## Directions
Write out exactly the lines of the entries below from the one holding "原装TM1621全新2.4~5.2V 256KHz 32x4 LCD驱动器 S" to the one holding "5.59ct Oval Lab", inclusive, and leave out all other lines.

## Exercise data
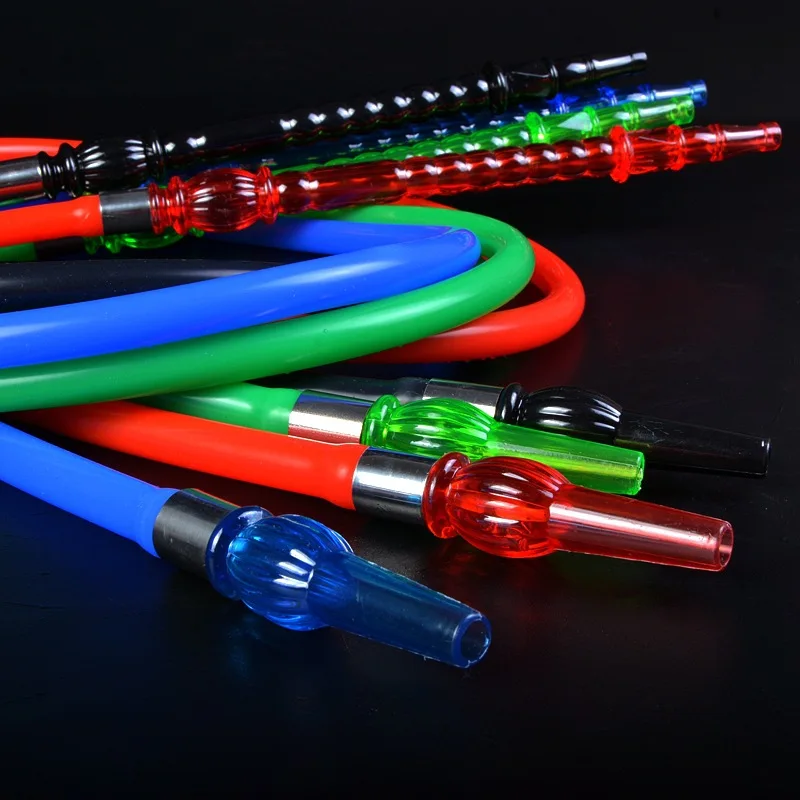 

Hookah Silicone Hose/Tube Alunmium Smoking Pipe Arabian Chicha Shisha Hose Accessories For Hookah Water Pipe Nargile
--
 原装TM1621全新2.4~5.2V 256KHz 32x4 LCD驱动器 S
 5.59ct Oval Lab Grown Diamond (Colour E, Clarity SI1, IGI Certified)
==
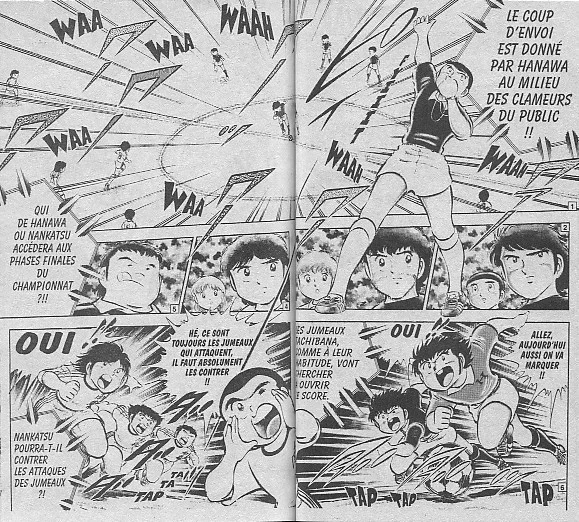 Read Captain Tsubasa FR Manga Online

## Expected answer
 原装TM1621全新2.4~5.2V 256KHz 32x4 LCD驱动器 S
 5.59ct Oval Lab Grown Diamond (Colour E, Clarity SI1, IGI Certified)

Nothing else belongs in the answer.